** Data supplied **
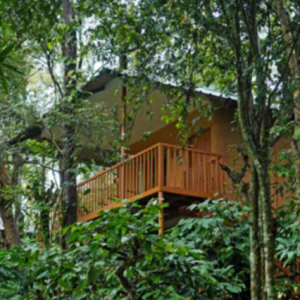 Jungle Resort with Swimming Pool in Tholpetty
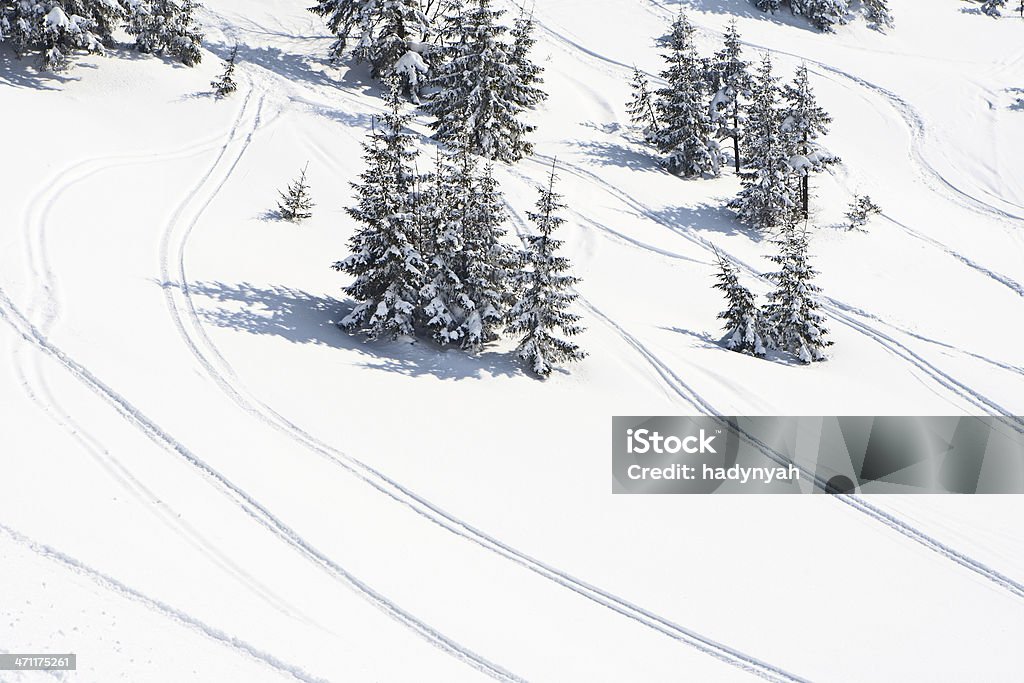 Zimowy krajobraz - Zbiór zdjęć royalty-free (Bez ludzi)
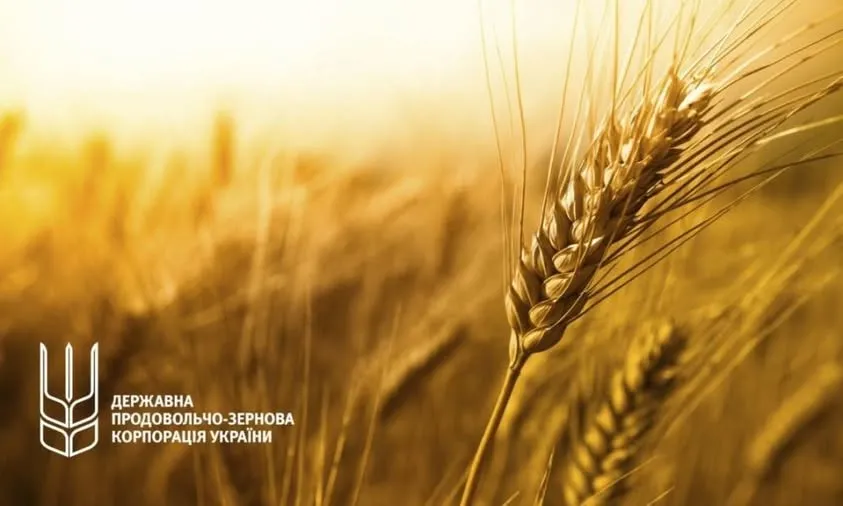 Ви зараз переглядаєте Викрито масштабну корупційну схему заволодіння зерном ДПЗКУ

* * *

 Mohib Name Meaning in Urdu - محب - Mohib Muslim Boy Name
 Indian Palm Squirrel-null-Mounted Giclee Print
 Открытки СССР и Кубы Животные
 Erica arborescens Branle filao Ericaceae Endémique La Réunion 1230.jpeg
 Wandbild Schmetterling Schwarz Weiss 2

** Task brief **
From the records above, return exactly the lines running from the one that contains "Jungle Resort with" down to the one that contains "Ви зараз переглядаєте", both included, without any pictures.

** Your solution **
 Jungle Resort with Swimming Pool in Tholpetty
 Zimowy krajobraz - Zbiór zdjęć royalty-free (Bez ludzi)
 Ви зараз переглядаєте Викрито масштабну корупційну схему заволодіння зерном ДПЗКУ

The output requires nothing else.